REQUIRED ACTION → The answer is to be an exact copy of the lines below running from the line with "画像1: 7月31日23:59分締切 予約注文" down to the line with "U - Cut Glow", both ends included, and nothing more.

╭─ DATA EXCERPTS

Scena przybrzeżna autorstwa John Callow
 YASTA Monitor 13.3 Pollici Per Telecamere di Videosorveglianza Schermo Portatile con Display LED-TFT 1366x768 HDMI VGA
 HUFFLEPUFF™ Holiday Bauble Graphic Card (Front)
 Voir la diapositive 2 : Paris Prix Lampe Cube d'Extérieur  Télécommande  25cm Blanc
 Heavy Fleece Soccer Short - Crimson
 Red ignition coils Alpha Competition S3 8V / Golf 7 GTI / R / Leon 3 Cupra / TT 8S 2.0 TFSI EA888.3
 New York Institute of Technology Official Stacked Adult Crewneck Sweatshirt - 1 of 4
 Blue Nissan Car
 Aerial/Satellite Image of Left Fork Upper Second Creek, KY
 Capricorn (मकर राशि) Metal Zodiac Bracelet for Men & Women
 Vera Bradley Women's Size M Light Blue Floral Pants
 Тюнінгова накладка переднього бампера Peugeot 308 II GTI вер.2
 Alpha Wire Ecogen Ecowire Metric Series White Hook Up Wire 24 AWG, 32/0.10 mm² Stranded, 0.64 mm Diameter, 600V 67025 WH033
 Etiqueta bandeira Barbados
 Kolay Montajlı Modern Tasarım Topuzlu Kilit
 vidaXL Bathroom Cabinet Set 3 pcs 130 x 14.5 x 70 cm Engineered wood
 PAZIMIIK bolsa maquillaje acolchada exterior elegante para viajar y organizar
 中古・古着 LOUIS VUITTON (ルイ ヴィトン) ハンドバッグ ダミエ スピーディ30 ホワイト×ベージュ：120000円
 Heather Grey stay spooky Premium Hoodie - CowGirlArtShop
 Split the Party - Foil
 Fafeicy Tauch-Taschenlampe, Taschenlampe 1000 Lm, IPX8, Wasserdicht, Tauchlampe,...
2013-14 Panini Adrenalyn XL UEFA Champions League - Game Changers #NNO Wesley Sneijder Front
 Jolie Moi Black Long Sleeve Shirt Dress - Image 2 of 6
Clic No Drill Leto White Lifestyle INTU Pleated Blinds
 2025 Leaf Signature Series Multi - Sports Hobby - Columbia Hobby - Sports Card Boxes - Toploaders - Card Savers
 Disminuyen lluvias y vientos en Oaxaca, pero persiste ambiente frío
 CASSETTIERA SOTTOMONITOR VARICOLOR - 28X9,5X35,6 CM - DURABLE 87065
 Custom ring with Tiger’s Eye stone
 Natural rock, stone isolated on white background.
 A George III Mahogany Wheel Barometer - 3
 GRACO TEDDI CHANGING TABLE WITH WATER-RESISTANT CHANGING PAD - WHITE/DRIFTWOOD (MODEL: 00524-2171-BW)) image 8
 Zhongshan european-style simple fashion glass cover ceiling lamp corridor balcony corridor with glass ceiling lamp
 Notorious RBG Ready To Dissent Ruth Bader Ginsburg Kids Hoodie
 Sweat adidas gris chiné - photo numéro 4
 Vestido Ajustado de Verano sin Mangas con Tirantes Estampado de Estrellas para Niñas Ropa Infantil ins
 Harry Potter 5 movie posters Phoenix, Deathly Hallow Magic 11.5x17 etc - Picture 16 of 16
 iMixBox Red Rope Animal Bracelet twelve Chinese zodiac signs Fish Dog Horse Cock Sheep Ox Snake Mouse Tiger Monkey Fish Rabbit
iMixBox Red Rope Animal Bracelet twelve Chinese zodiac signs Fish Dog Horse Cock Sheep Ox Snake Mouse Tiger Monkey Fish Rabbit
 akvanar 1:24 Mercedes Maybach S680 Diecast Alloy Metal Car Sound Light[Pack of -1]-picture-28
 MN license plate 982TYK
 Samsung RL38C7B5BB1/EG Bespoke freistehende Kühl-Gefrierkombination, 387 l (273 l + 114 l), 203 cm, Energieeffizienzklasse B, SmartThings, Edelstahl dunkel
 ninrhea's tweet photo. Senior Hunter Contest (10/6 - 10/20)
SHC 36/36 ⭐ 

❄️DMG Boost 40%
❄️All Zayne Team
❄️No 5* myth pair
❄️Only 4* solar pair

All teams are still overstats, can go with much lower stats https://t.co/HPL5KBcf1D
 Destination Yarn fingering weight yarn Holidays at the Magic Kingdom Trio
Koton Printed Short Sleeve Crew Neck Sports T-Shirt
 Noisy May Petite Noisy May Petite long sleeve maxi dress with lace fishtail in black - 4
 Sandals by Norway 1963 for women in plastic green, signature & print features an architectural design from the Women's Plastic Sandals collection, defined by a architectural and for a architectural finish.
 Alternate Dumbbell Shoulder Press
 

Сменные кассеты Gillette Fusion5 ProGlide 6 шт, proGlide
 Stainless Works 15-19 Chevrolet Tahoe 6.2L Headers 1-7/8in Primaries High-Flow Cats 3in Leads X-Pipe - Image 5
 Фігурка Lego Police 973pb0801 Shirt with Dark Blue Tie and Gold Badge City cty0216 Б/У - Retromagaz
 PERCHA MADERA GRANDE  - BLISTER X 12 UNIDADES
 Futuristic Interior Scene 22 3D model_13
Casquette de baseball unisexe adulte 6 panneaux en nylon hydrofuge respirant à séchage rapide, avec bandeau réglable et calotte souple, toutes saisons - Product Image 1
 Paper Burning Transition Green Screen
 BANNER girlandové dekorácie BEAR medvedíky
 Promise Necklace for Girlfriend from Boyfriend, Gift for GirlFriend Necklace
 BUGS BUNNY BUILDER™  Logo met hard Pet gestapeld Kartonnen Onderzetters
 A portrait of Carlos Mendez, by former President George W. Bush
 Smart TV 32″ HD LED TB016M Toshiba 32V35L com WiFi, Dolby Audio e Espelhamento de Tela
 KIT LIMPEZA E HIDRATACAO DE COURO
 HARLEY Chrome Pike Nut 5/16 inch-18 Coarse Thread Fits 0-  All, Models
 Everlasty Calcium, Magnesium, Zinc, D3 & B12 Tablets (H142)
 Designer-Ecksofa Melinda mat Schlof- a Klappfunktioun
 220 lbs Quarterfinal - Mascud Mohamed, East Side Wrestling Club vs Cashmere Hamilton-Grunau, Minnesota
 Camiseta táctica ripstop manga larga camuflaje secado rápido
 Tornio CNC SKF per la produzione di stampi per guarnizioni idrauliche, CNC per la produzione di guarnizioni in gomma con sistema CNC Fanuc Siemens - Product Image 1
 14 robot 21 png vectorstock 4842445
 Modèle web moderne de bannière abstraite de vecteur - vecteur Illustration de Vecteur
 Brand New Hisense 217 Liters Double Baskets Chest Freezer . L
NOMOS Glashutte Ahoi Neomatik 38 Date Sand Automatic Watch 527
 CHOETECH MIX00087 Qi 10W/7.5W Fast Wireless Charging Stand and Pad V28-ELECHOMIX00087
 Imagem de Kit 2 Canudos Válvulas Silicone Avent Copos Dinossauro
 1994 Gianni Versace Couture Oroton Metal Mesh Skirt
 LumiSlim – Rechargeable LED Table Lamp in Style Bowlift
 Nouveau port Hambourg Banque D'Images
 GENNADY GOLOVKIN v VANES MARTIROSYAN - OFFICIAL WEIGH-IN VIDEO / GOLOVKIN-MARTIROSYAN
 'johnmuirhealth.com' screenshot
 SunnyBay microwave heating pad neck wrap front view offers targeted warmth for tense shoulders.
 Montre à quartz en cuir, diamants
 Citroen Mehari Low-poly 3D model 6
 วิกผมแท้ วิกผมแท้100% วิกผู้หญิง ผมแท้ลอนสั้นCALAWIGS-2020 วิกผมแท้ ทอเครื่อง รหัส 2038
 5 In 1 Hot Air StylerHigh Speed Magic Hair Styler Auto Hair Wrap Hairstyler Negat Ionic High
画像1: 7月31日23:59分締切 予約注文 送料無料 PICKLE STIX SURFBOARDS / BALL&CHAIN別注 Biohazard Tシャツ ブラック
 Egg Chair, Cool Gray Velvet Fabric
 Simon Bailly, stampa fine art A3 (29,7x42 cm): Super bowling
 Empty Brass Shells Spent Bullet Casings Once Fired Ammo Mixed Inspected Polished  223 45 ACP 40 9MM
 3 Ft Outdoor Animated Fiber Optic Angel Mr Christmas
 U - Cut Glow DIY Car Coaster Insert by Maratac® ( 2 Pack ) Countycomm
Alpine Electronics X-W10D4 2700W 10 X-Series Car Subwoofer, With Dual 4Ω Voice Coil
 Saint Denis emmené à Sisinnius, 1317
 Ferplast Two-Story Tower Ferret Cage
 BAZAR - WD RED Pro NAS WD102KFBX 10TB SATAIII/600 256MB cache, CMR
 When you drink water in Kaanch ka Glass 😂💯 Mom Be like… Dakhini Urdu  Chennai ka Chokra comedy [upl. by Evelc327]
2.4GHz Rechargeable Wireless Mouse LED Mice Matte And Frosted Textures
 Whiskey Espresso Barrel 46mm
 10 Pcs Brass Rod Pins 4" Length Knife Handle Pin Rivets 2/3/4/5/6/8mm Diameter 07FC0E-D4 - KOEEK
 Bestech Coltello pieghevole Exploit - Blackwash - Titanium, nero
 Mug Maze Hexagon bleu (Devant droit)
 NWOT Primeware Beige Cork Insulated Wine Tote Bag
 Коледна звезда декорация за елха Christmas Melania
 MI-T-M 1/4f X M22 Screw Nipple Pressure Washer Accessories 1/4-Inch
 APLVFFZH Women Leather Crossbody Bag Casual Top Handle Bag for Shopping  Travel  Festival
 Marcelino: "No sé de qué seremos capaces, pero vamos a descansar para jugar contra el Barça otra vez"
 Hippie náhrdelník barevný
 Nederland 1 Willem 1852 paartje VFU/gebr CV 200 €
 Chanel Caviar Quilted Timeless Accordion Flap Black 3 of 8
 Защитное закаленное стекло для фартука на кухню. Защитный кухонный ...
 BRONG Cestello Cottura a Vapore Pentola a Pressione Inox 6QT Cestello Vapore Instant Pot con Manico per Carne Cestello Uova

╰─

RESPONSE AREA →
画像1: 7月31日23:59分締切 予約注文 送料無料 PICKLE STIX SURFBOARDS / BALL&CHAIN別注 Biohazard Tシャツ ブラック
 Egg Chair, Cool Gray Velvet Fabric
 Simon Bailly, stampa fine art A3 (29,7x42 cm): Super bowling
 Empty Brass Shells Spent Bullet Casings Once Fired Ammo Mixed Inspected Polished  223 45 ACP 40 9MM
 3 Ft Outdoor Animated Fiber Optic Angel Mr Christmas
 U - Cut Glow DIY Car Coaster Insert by Maratac® ( 2 Pack ) Countycomm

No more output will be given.